--- RECORDS SHOWN ---

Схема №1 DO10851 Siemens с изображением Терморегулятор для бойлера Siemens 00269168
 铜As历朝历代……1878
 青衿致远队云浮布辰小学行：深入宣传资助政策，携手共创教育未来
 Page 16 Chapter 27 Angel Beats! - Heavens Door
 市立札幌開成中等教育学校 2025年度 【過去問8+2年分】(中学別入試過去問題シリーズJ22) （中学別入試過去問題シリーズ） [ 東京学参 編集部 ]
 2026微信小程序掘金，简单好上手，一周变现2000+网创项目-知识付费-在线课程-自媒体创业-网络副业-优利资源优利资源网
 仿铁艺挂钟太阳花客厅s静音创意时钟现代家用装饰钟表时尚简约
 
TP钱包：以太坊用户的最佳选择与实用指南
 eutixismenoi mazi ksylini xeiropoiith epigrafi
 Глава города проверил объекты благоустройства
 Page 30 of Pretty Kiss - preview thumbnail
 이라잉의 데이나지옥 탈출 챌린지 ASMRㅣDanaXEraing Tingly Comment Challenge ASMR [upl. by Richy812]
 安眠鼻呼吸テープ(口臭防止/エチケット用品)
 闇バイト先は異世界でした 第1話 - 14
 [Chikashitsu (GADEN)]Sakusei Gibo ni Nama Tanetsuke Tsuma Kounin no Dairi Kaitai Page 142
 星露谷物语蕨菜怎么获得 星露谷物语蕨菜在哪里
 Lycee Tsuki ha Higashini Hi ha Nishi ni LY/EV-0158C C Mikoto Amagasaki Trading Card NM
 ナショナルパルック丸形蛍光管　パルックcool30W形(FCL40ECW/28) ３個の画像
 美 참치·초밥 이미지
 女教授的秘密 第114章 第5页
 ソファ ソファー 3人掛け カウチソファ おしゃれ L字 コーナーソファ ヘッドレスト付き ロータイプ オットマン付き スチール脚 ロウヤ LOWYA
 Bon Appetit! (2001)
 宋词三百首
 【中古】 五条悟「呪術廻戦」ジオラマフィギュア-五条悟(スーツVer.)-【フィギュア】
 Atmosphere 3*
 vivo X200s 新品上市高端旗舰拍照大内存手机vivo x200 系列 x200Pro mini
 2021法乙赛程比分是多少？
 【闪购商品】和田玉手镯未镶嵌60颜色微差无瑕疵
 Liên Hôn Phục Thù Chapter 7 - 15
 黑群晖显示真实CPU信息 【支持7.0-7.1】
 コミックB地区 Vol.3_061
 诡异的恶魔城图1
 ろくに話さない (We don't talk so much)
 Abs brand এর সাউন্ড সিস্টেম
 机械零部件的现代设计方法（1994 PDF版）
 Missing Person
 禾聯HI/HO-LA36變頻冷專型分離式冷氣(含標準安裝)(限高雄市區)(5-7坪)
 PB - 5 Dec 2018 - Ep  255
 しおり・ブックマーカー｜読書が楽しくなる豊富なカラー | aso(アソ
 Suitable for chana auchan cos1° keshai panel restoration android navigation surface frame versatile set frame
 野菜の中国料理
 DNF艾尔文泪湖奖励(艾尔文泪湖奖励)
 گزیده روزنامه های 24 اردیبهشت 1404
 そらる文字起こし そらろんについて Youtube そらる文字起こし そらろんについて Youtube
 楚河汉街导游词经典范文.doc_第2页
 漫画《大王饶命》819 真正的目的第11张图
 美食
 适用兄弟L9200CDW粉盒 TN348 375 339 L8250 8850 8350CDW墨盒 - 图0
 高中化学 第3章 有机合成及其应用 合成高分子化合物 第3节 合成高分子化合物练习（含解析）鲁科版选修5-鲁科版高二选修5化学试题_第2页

---

» **WHAT NEEDS TO BE DONE**: Print, exactly as written, the first line of the records above and each line after it until the line with "Atmosphere 3*", which is printed too.

» **WORKED SOLUTION**:
Схема №1 DO10851 Siemens с изображением Терморегулятор для бойлера Siemens 00269168
 铜As历朝历代……1878
 青衿致远队云浮布辰小学行：深入宣传资助政策，携手共创教育未来
 Page 16 Chapter 27 Angel Beats! - Heavens Door
 市立札幌開成中等教育学校 2025年度 【過去問8+2年分】(中学別入試過去問題シリーズJ22) （中学別入試過去問題シリーズ） [ 東京学参 編集部 ]
 2026微信小程序掘金，简单好上手，一周变现2000+网创项目-知识付费-在线课程-自媒体创业-网络副业-优利资源优利资源网
 仿铁艺挂钟太阳花客厅s静音创意时钟现代家用装饰钟表时尚简约
 
TP钱包：以太坊用户的最佳选择与实用指南
 eutixismenoi mazi ksylini xeiropoiith epigrafi
 Глава города проверил объекты благоустройства
 Page 30 of Pretty Kiss - preview thumbnail
 이라잉의 데이나지옥 탈출 챌린지 ASMRㅣDanaXEraing Tingly Comment Challenge ASMR [upl. by Richy812]
 安眠鼻呼吸テープ(口臭防止/エチケット用品)
 闇バイト先は異世界でした 第1話 - 14
 [Chikashitsu (GADEN)]Sakusei Gibo ni Nama Tanetsuke Tsuma Kounin no Dairi Kaitai Page 142
 星露谷物语蕨菜怎么获得 星露谷物语蕨菜在哪里
 Lycee Tsuki ha Higashini Hi ha Nishi ni LY/EV-0158C C Mikoto Amagasaki Trading Card NM
 ナショナルパルック丸形蛍光管　パルックcool30W形(FCL40ECW/28) ３個の画像
 美 참치·초밥 이미지
 女教授的秘密 第114章 第5页
 ソファ ソファー 3人掛け カウチソファ おしゃれ L字 コーナーソファ ヘッドレスト付き ロータイプ オットマン付き スチール脚 ロウヤ LOWYA
 Bon Appetit! (2001)
 宋词三百首
 【中古】 五条悟「呪術廻戦」ジオラマフィギュア-五条悟(スーツVer.)-【フィギュア】
 Atmosphere 3*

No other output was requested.